Writer or Publisher?
All right, so I’m just about half an hour away from doing my interview for Comic Industry Insiders Live, and this is all part of the whole Prana ecosystem. It’s a thing about getting From Parts Unknown into the direct market and talking about the history of Pesto Comics and all that.
And this morning it has me thinking: Am I a publisher or am I a writer?
And the answer, well, without spoiling it, is kind of both.
As an indie comics creator, you’re going to find yourself wearing many hats a lot of the time. If you’re sending your scripts out there with hopes that someone else is going to pick it up and run with it, you are going to be sorely disappointed.
Even if you’re working with the Big Two or any mid-sized publisher out there, there’s an expectation that you are going to do a lot of the heavy lifting when it comes to marketing. So that’s something that you have to be comfortable with anyway.
Maybe you’re not as involved in production—although if we’re talking mid-size, even Image, which I would argue is not mid-size, it’s much bigger—but even if you’re working with them, you’re expected to put together the book and bring a finished product to them.
And who’s spearheading that? It’s typically the writer. (Sometimes you have writer-artists and there’s exceptions to every rule.) Most of the time as a writer, you’re not just a writer.
The Writer vs. Artist Argument
And that’s why this writer versus artist argument we seem to be having all the time—I know it’s click bait and I know it’s just nonsense for people to get online and have something to talk about—but really it’s a silly argument because the artist is focused on actually doing the production of the work and making the book look the way it looks. In a visual medium, that is critical. It’s critical that the artist is at the highest of their capability and focused on what they’re doing, but the writer kind of gets stuck with everything else: doing the project management, the production management, marketing, all of that kind of stuff.
And although, again, some artists are more than happy to be involved in the marketing, at least on my end, it’s not always an expectation.
I have folks like JP who are more than happy to do more than their share of the marketing. If you follow JP anywhere online, you know that he’s always pushing not just Pesto Comics projects, but everything that he’s touched; he will let you know about it. It will not be a secret.
However, that’s more the exception than the rule. Most artists are pretty quiet. Most artists are focused on their craft. They’re focused on getting the work together. And that’s totally fine.
The Writer’s Workload
For me to whip this script together, I can, if I’m very focused, do it in a couple weeks.

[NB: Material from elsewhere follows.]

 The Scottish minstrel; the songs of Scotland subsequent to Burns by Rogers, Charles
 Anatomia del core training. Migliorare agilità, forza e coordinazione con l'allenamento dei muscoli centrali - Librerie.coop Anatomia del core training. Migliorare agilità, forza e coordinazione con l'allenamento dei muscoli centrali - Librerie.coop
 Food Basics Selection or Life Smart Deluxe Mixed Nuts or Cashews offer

Usually it takes a lot longer.
Usually I need to step away from it and double-check and ensure that I am doing things the way I expect, and even my expectations of a project change every time I go back to it.
So it’s not something I would say that I can definitely do within a certain amount of time. Ask any of the artists I work with when I tell them I’m getting them a script and then months later I’m still working on it.
But the truth is, if I really was disciplined and focused, arguably the amount of time—fingers to the keyboard—that I’m doing something takes a lot less time than it does an artist to get a page together, especially if it’s a really detailed page.
So I understand the workload’s a little different.
So what do I do with all that free time?
I sell the book. I talk to you guys on the newsletter.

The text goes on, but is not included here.